--- START ---

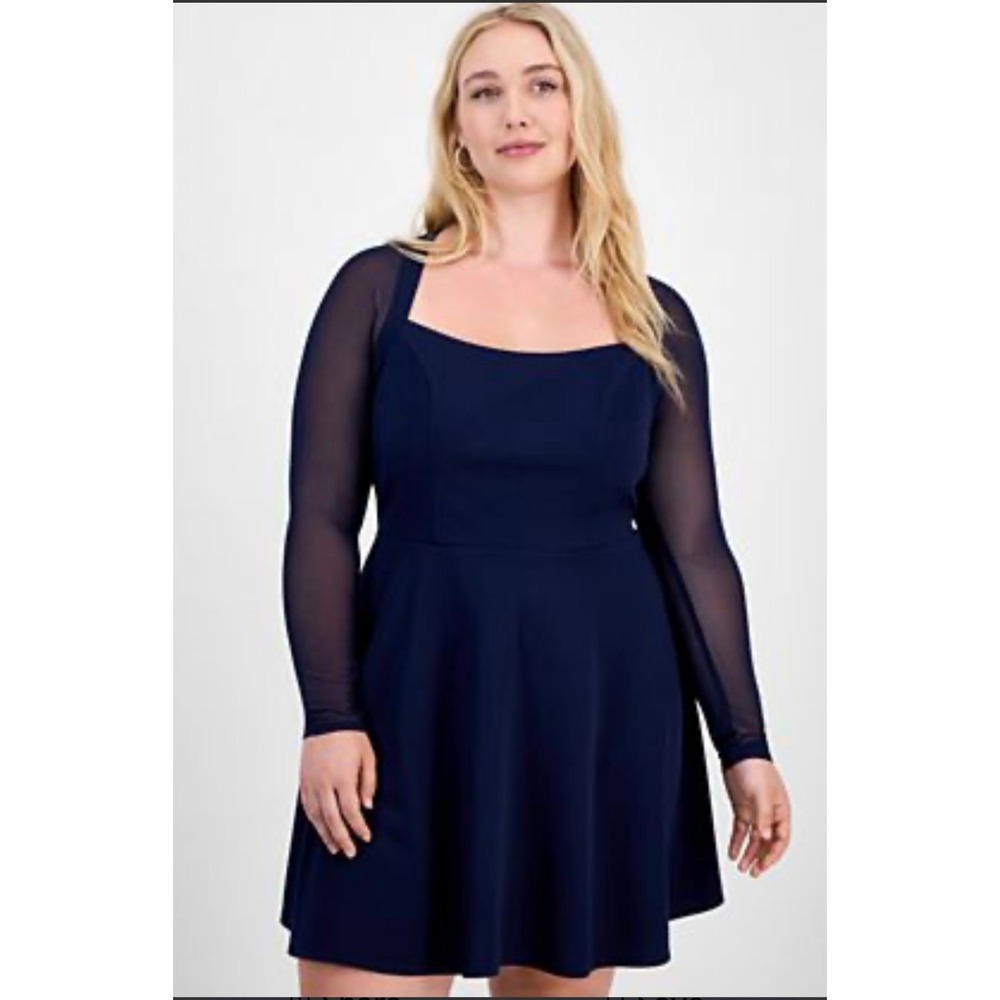 City Studios Navy Blue Square Neck Fit Flare Dress 16W Sheer Sleeve Cocktail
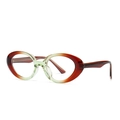 Modern cat-eye sunglasses with gradient red and green acetate frames in a retro style - C7 Tea Green Contrast Frame Clear Lens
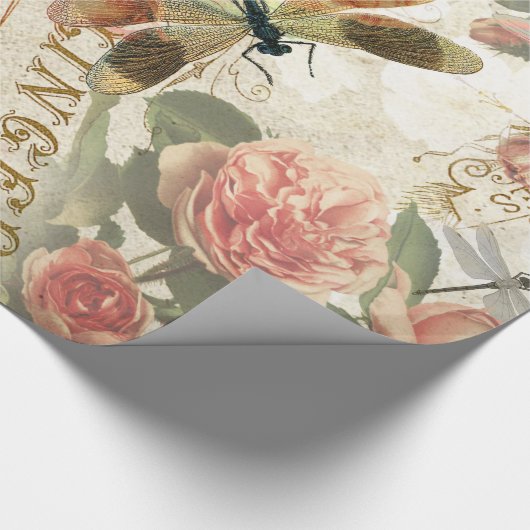  libellen en Rozen ontkoppelen Cadeaupapier (Hoek)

--- END ---

__Your goal__.
Could all the data above be given again exactly, leaving out its images?

__Solution__.
 City Studios Navy Blue Square Neck Fit Flare Dress 16W Sheer Sleeve Cocktail
 Modern cat-eye sunglasses with gradient red and green acetate frames in a retro style - C7 Tea Green Contrast Frame Clear Lens
  libellen en Rozen ontkoppelen Cadeaupapier (Hoek)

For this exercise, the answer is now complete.